At the lodge we met the friendly and helpful Chester and met another cruising couple Amy & Ken on their boat Mary T, with whom we had been hop scotching with since before Halifax. We found our way to the shuffle board court, a beautiful river walk, and ended the day with what will probably be our only hot tub of the summer. We also got a free cupcake! Happy Canada day!
Bob Wastrom here! I stumbled on your adventure while researching Alden’s designs for an “R” boat project/build which we are about to begin at EM Crosby Boatworks. More on this later. I was a former partner at Pease Boatworks and subsequently former owner of Heart’s Desire. We purchased her from Frank Kane on Nantucket where she sat in disrepair,tied up at Nantucket wharf one winter. I remember scratching together the 50 g’s between the three of us with the idea of Chartering her to pay the bills etc, etc….. My family enjoyed many a voyage with fond memories that shall be cherished forever. Like you, many hours were spent putting her back in shape. Kudos for all your fine work! I saw Nat B. at the wooden boat show last week and he said you had done a masterful job. In some small way you are fulfilling one of my long time dreams. A sailing adventure to Labrador. Having competed in the Halifax race on two occasions and been turned away from Halifax on one trip by a nasty Nor’easter, Nova Scotia has a formidable coastline. Ned Crosby who is my current boss has a place on the Bra dor lakes just opposite from Badec. He will be there in August for three weeks. I’m sure he would love to show you some hospitality. I’ll send along some contact info soon. He’s an old schooner guy himself. “Defiance ” one last thing! On the Eastern shore of Newfoundland there is a little cove called “Hearts Desire”, I always dreamed of taking her there. Good luck, and safe voyaging. I’ll try to keep in touch if you don’t mind.

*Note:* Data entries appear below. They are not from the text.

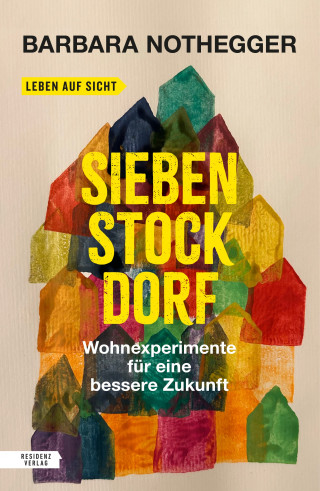 Barbara Nothegger: Sieben Stock Dorf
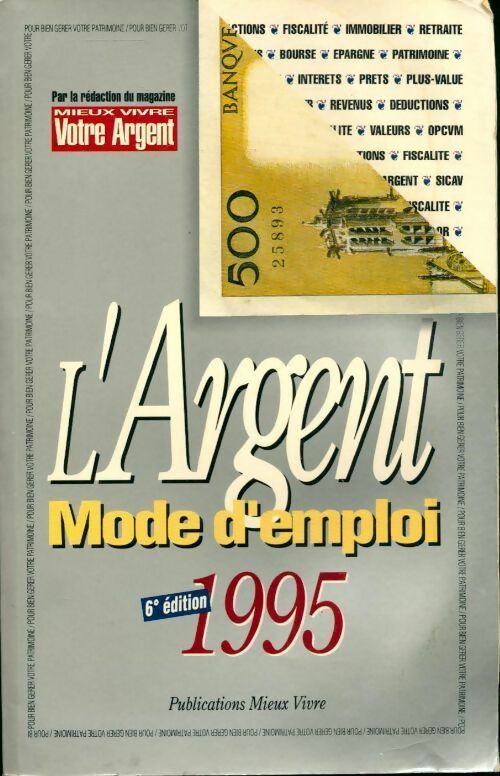 L'argent mode d'emploi 1995 - Collectif - Livre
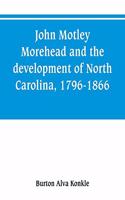 John Motley Morehead and the development of North Carolina, 1796-1866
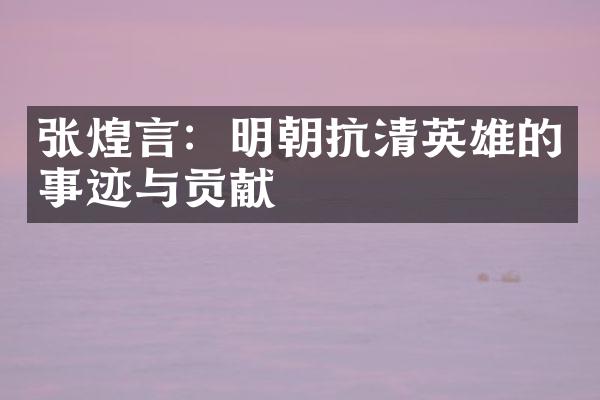 张煌言：明朝抗清英雄的事迹与贡献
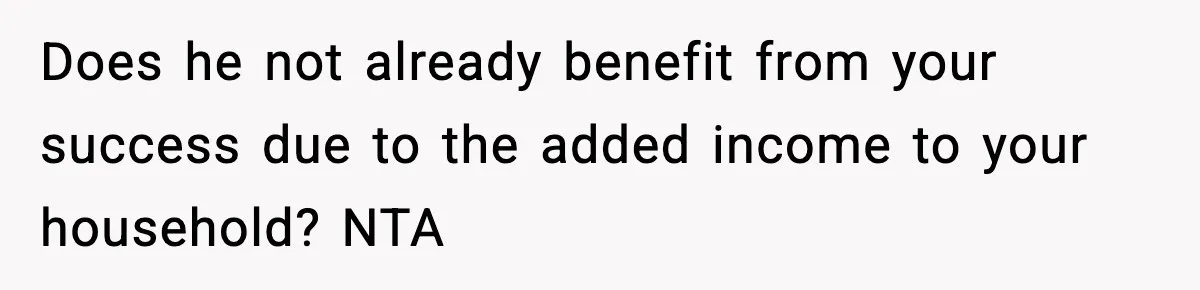 Does he not already benefit from your success due to the added income to your household? NTA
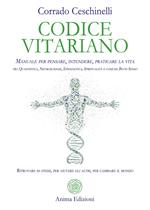 Codice vitariano. Manuale per pensare, intendere, praticare la vita tra quantistica, neuroscienze, epigenetica, spiritualità e comune buon senso. Ritrovare se stessi, per aiutare gli altri, per cambiare il mondo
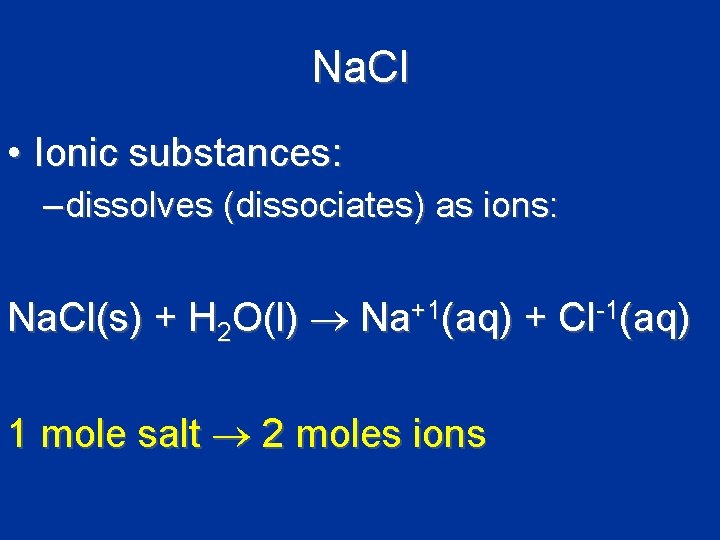 Na. Cl • Ionic substances: – dissolves (dissociates) as ions: Na. Cl(s) + H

Many thanks, Bob Wastrom Email. firstname.lastname@example.org
Sorry for the long delay in responding but we have not spent much time on the computer recently. Great to hear from you and your history with Heart’s Desire. We’re having a great trip and are now in Newfoundland, unfortunately the cove “Heart’s Desire” is a little too far for us on this trip. We met a couple in Baddeck (I do not have their names on me) who had a boat built (rather finished) at Ned Crosby’s yard and were told he had a place up here. Jessica’s cousin Mike Mulay also worked for the other Crosby yard on Cape Cod for many years working mainly on boat interiors I believe. Driving around an old wooden schooner makes the world seem pretty small. I’ll update the History section as we had thought the boat was owned by Frank Kane then Glen Schoeder (then us). The old inspection indicated “Tris Kane,” do you know if this is the same person? We will be in touch, and will perhaps see you on the Cape or the Vineyard.
Thanks for the reply. Don’t mean to interrupt your trip with small talk. Tris Kane I believe was Frank’s wife and perhaps had her name on the documentation. There was certainly some disconnect there as Frank was living on Nantucket in an apartment with his family in Eastham. Franks health may have had something to do with the demise of Heart’s Desire. As for Mike Mulay, small world! He worked for us as a subcontractor on a project several years ago, very talented guy. Tell Jessica to say hello if she is ever in touch with Mike. Here at the shop, we have guessing as to your contact in Baddeck because there were several building projects we have sent that way. One would be Steve Goldthwaite and the other would be a fellow whose first name escapes me would be Moncton.
In any event we are all envious of your adventures and look forward to future posts. Hear the salmon fishing in Labrador is stupendous. Good luck. Bob Wastrom. Keep an eye out for the bergs.